• [Exercise description]
Would you please repeat exactly the entries below, starting at the line with "cocina con mesa" and ending at the line with "Drops of transparent", and nothing outside that range? Leave out the pictures.

• [Data for this task]
+ + +

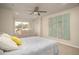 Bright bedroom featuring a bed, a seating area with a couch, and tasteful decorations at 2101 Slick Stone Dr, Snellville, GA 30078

+ + +

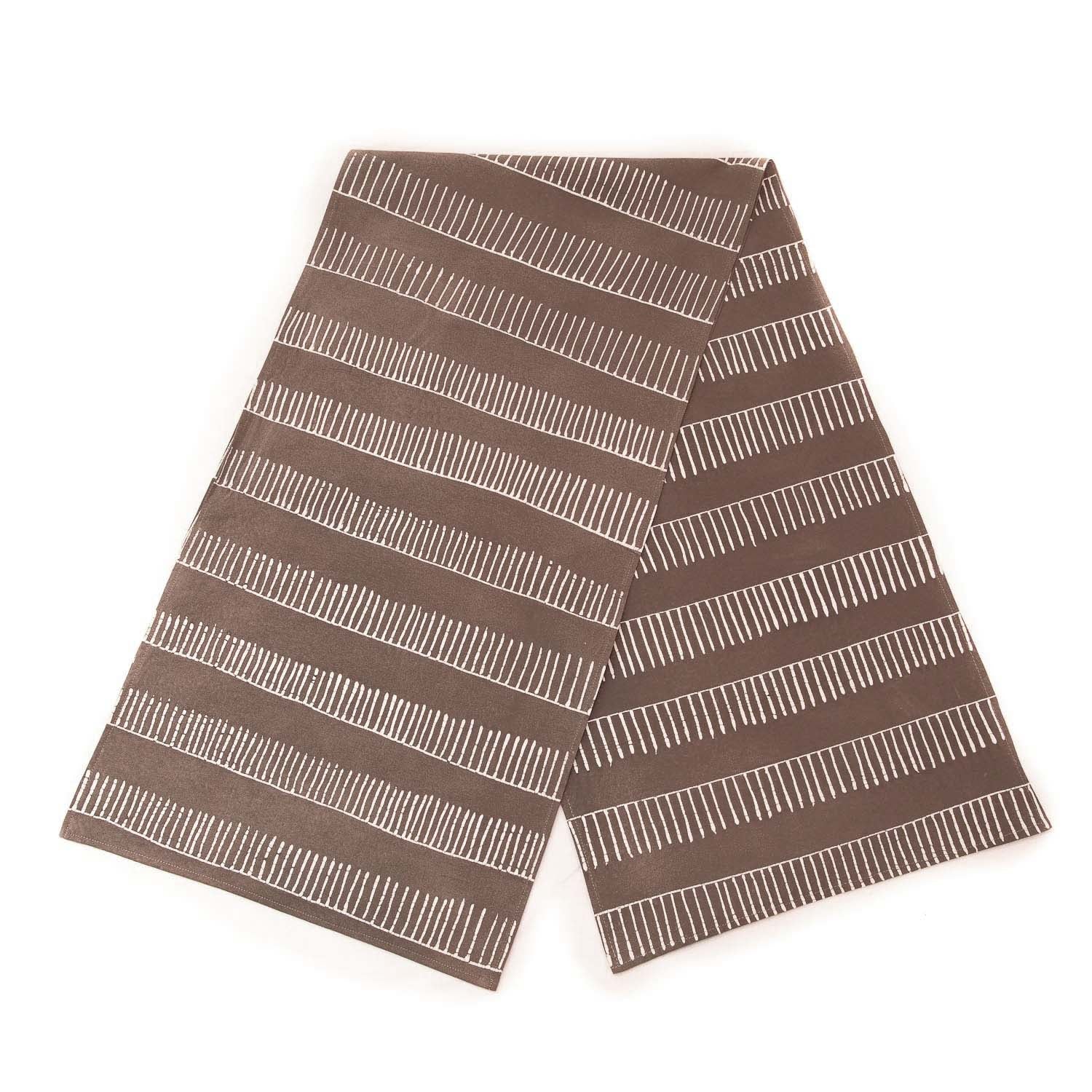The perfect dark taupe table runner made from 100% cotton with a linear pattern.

+ + +

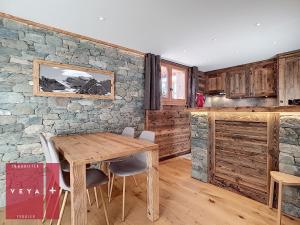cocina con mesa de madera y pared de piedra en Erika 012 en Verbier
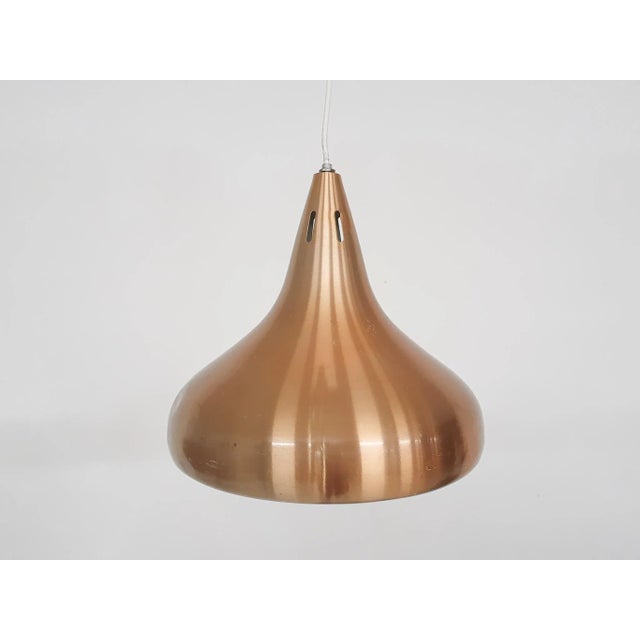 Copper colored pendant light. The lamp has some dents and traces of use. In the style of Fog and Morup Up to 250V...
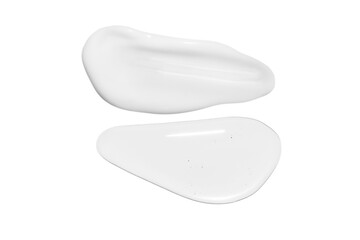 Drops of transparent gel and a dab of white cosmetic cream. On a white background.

+ + +

• [Exercise answer]
cocina con mesa de madera y pared de piedra en Erika 012 en Verbier
 Copper colored pendant light. The lamp has some dents and traces of use. In the style of Fog and Morup Up to 250V...
 Drops of transparent gel and a dab of white cosmetic cream. On a white background.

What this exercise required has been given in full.